HAIFA, Israel, Sept. 6 (UPI) — Israeli researchers call “environmental light pollution,” or high-power light at night, a carcinogenic pollution.
Researchers at the Center for Interdisciplinary Chronobiological Research at the University of Haifa in Israel have linked light at night, especially environmental light pollution to greater cancer growth. They suggest this is due to lessened production of melatonin — a hormone released by the pineal gland during the dark hours of the day.
Study leader Abraham Haim and colleagues divided lab mice injected with cancerous cells into four groups: Long days — 16 hours of light/ 8 hours of darkness; long days but treated with melatonin; short days — 8 hours light/16 dark hours — and short days but exposed to a half-hour of light during the dark hours.
The study found the smallest cancerous growths in mice with short days.
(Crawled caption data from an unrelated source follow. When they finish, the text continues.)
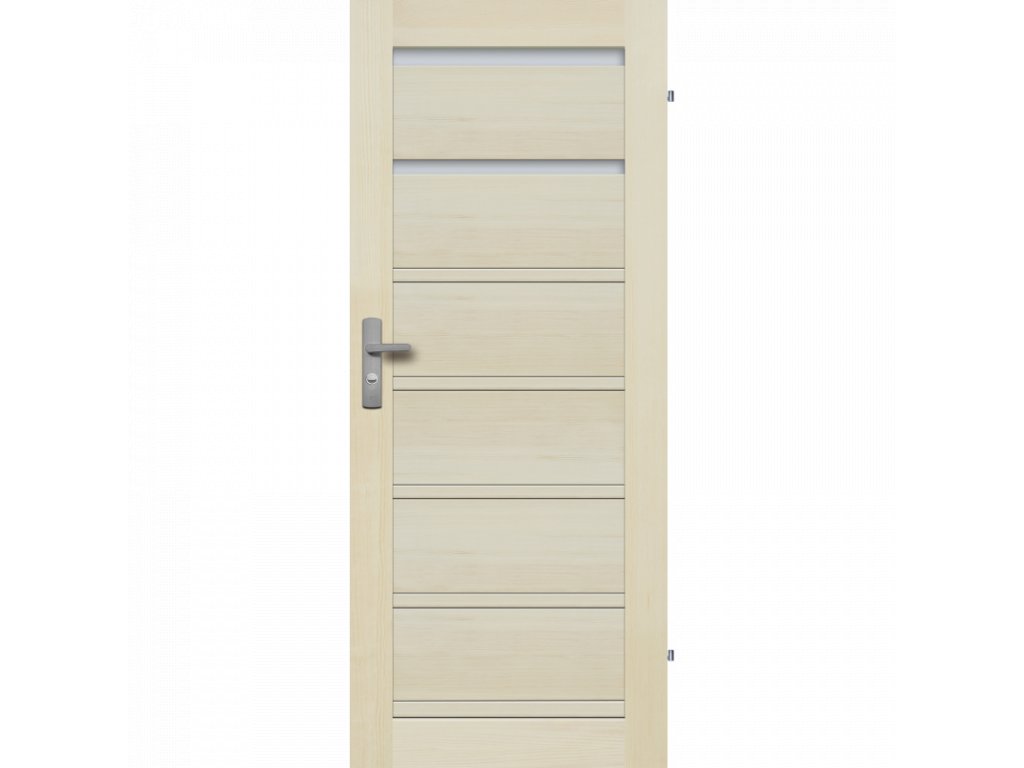 Interiérové dveře Radex dřevěné ROMA 2S (Otvírání dvěří Posuvné, Šířka dveří 90 cm)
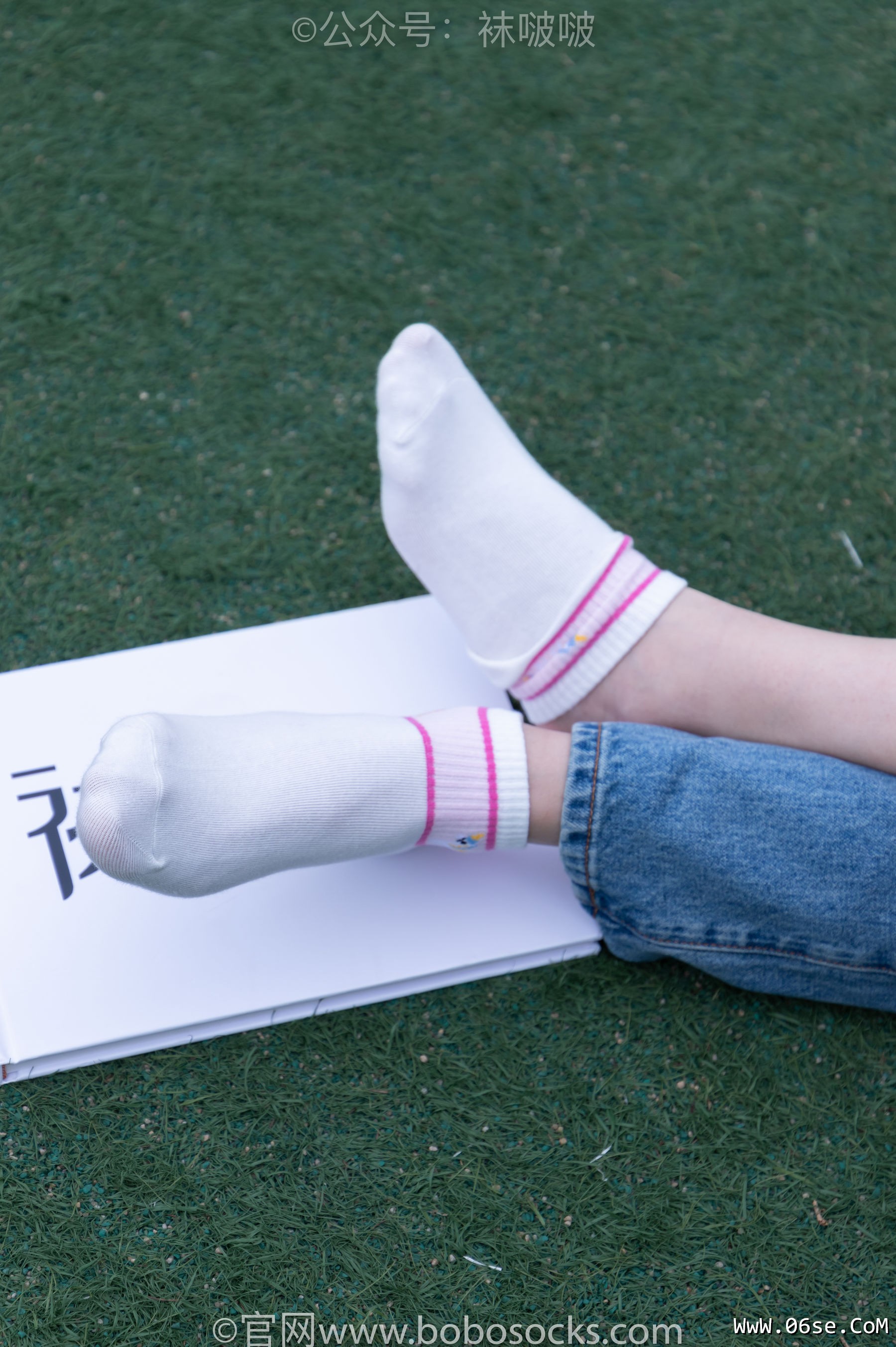 图片[58]-BoBoSocks袜啵啵 No.004 泡芙-vans帆布鞋、白棉袜、裸足[127P]-六色网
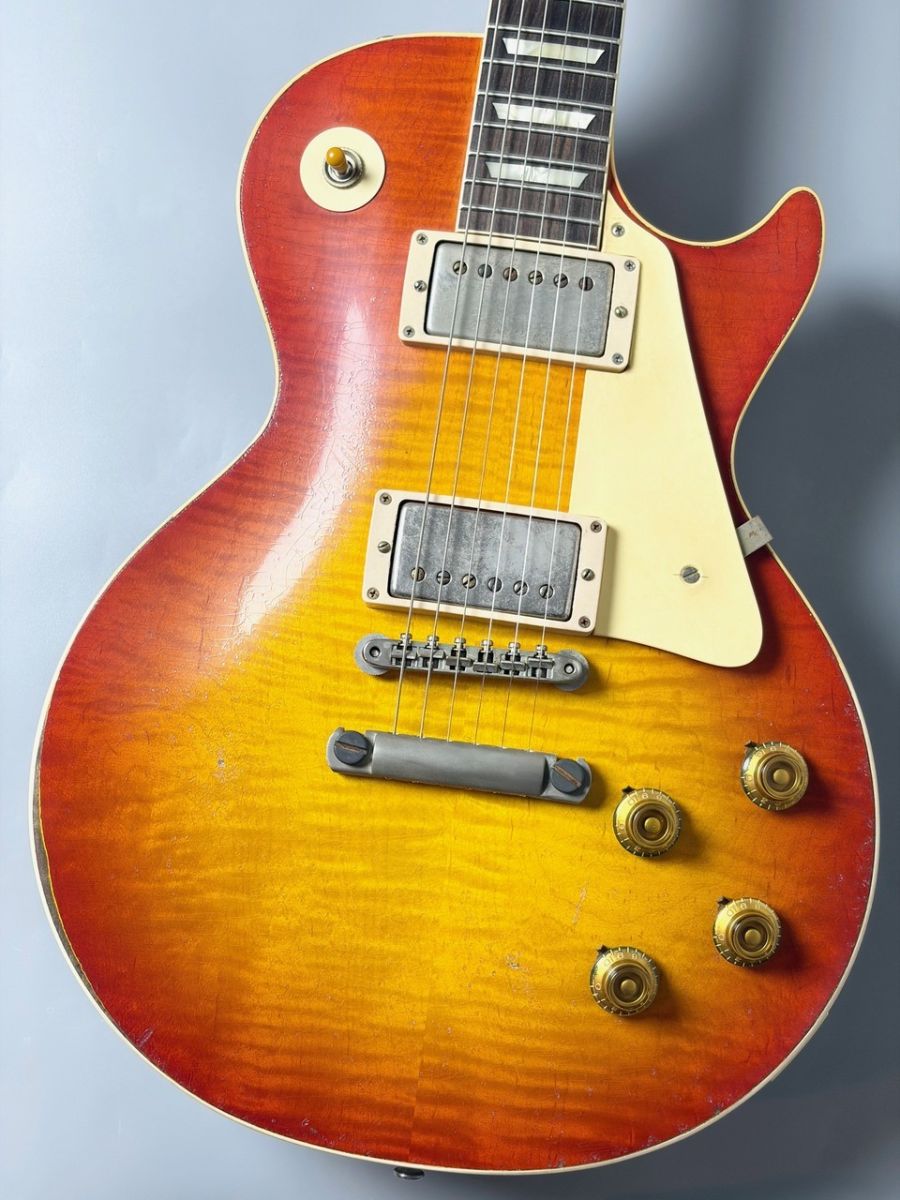 プロフ必読さん専用 Murphy Lab 1959 Les Paul Standard Sunrise Tea Burst Heavy Aged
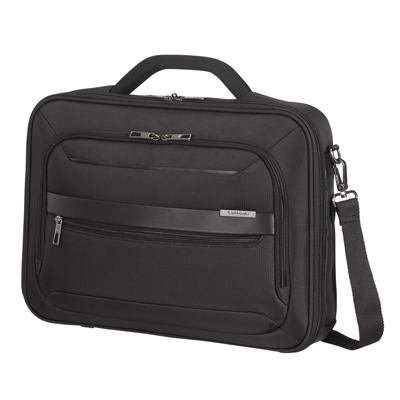 Samsonite 123665-1041 Vectura EVO Schoudertas - 15.6 inch - Zwart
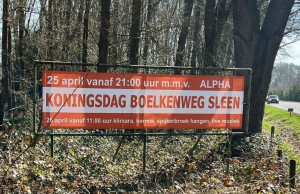 Programma Koningsdag in Sleen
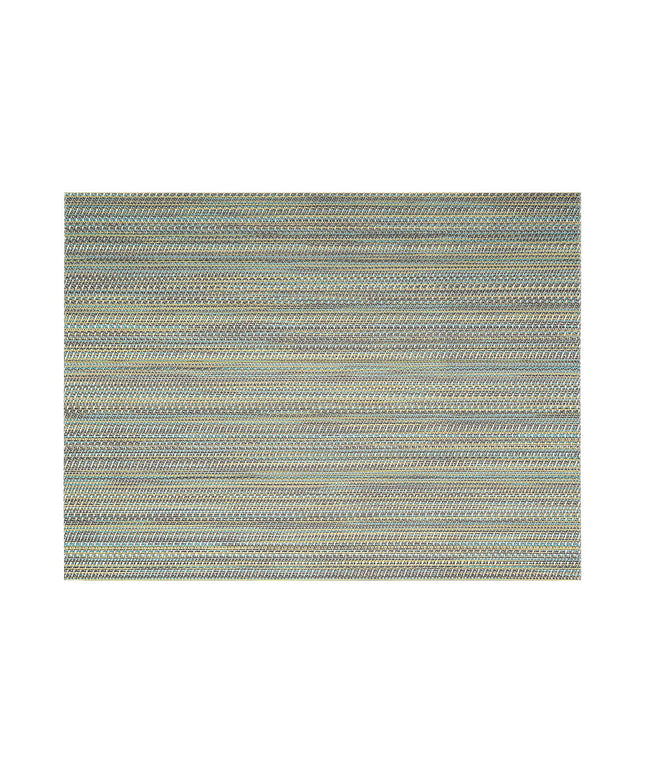 Tấm Lót Bàn Chữ Nhật Front of the House XPM105GYV83 Màu Peacock 40.6 x 30.5 cm, Vinyl Dệt Metroweave®
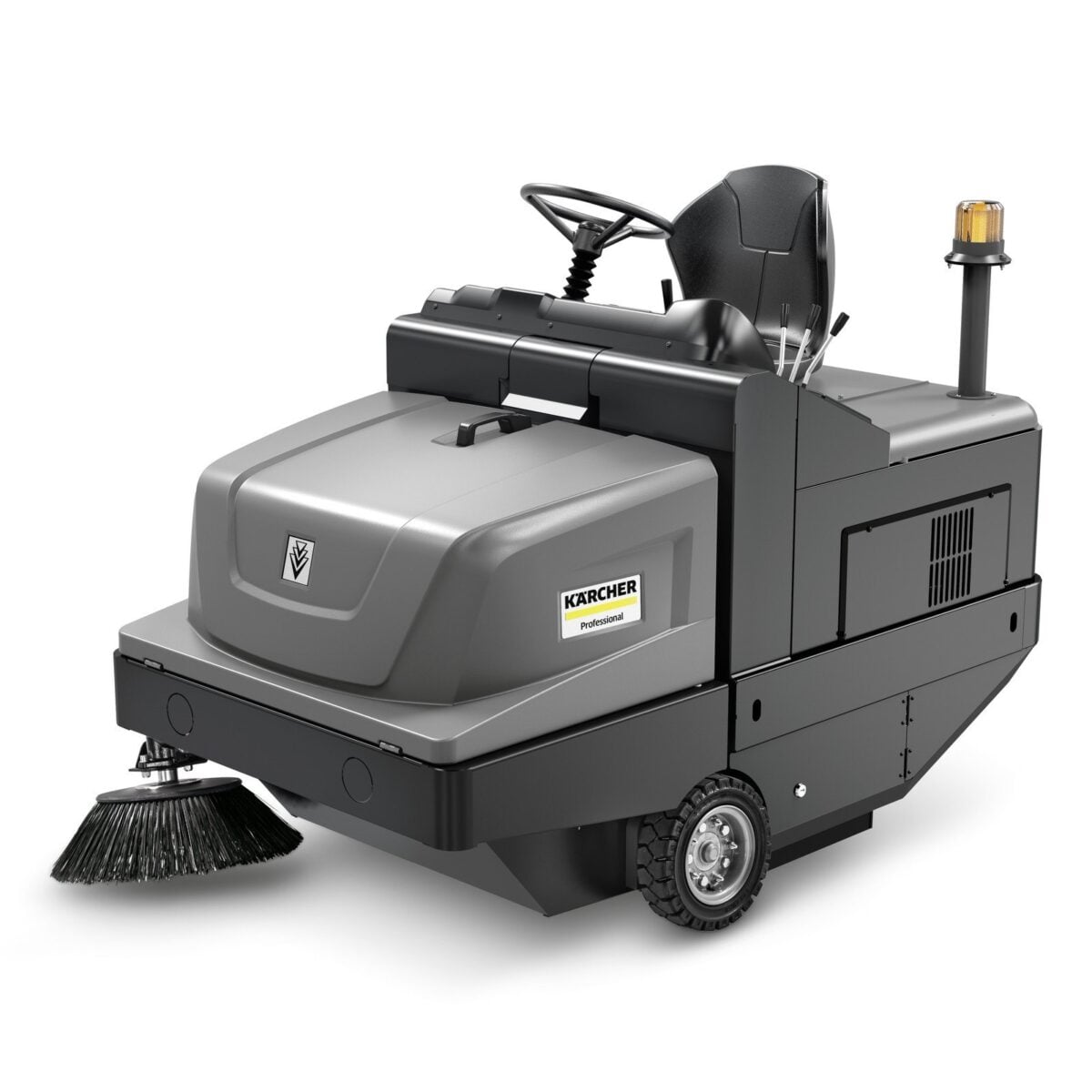 2026 KARCHER KM 105/180 R Bp Pack Classic Ride-On Sweeper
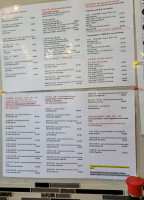 Jin Jin Deli menu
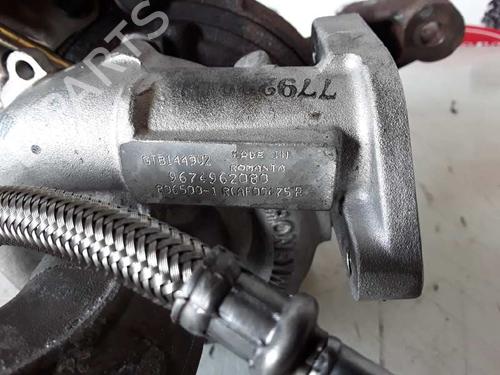 Turbocharger/Supercharger PEUGEOT 508 I (8D_) 2.0 HDi | BP9281817M71 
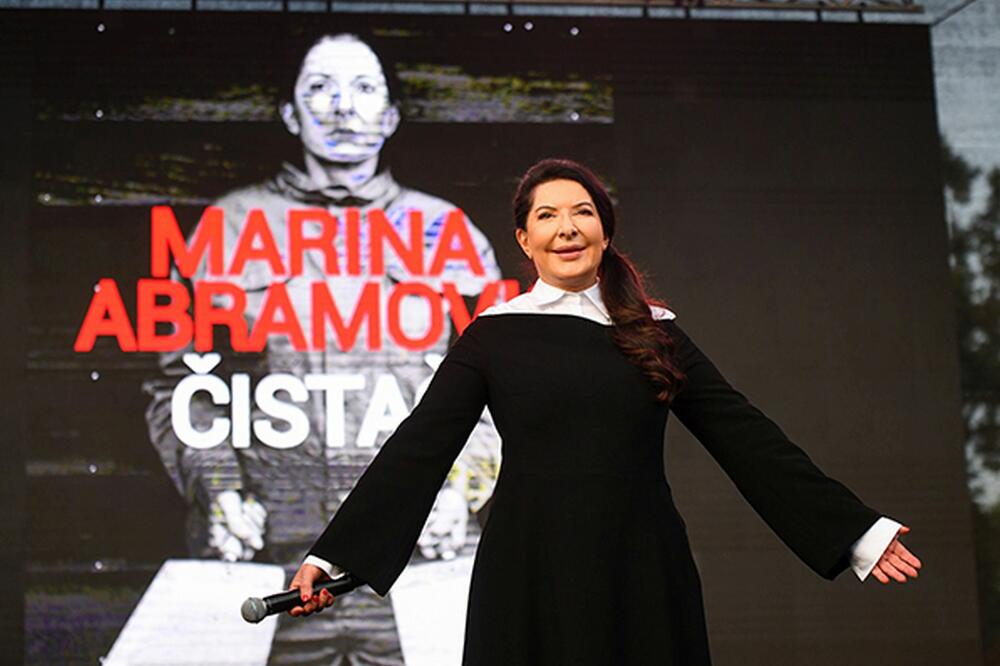 Marina Abramovič, Foto: AP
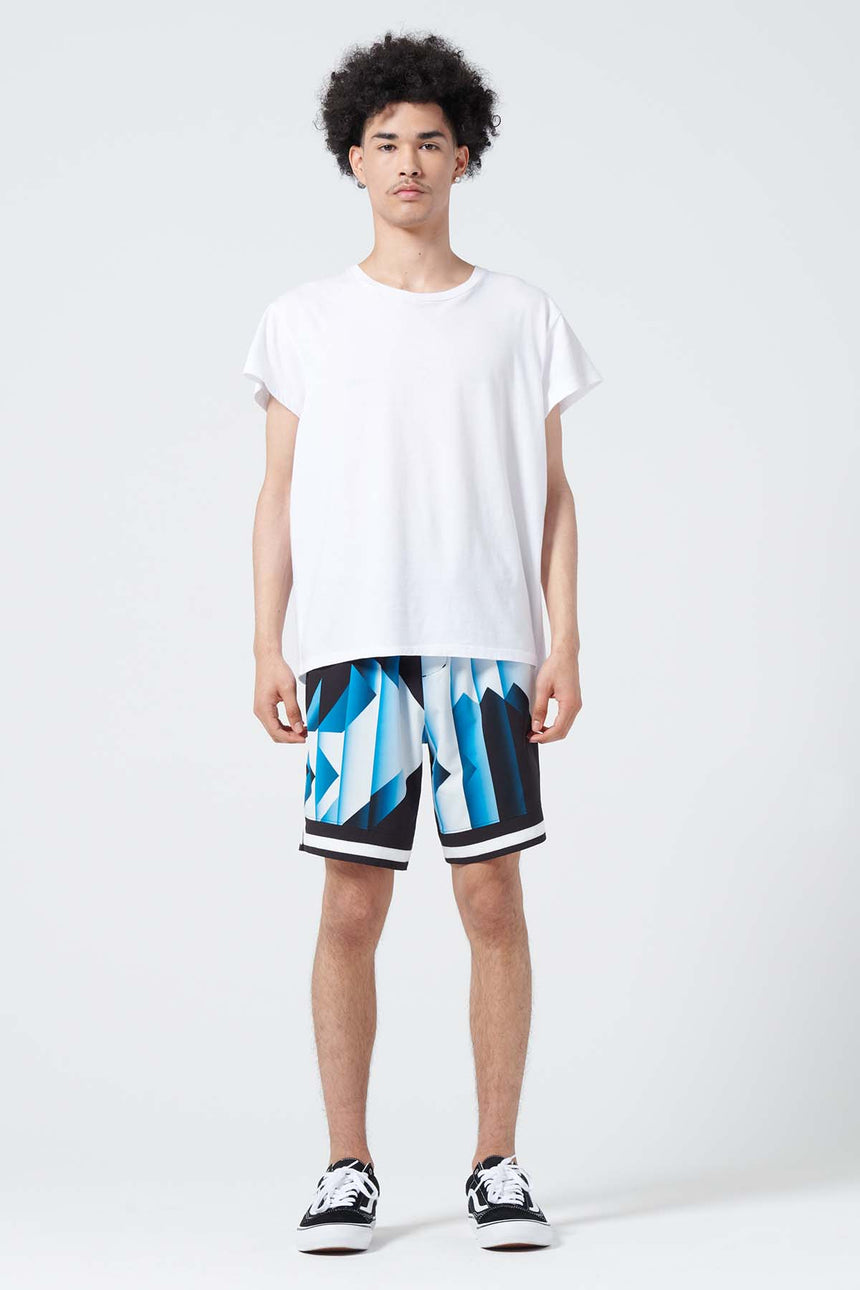 Julius Short DZL Blue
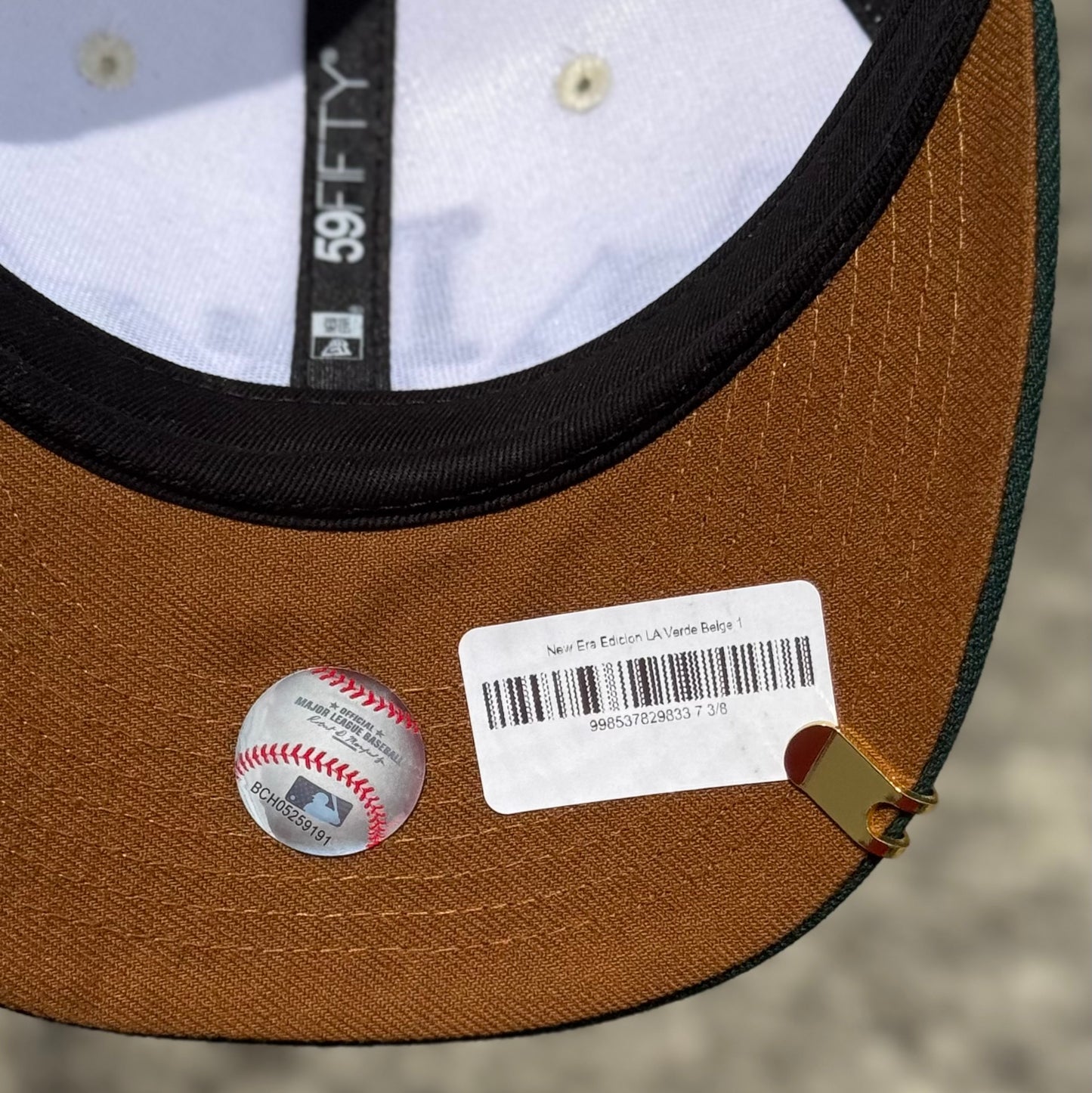 7 3/8 • LOS ANGELES DODGERS OUTDOOR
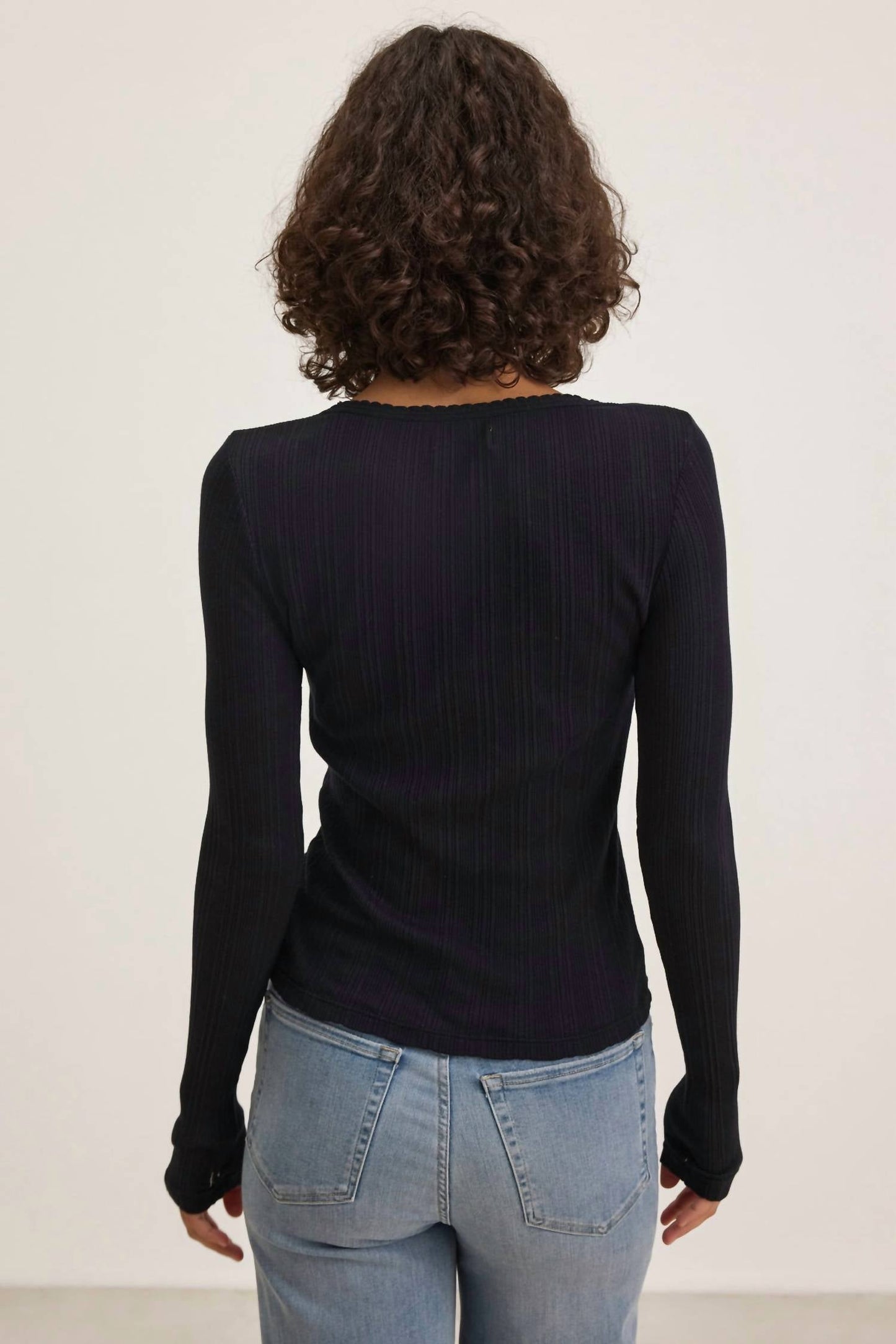 Velvet By Graham & Spencer - Mauri Pointelle Tee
Mice with short days but exposed to light during dark hours had larger growths — averaging a cubic half-inch. The mice exposed to long days had growths averaging 2 cubic inches.
However, “long days” mice treated with melatonin had small tumors — similar in size to those of “short days” mice. Melatonin-treated mice — versus untreated mice — had significantly lower death rates.
“Exposure to light at night disrupts our biological clock and affects the cyclical rhythm that has developed over hundreds of millions of evolutionary years that were devoid of light at night,” the researchers said in a statement.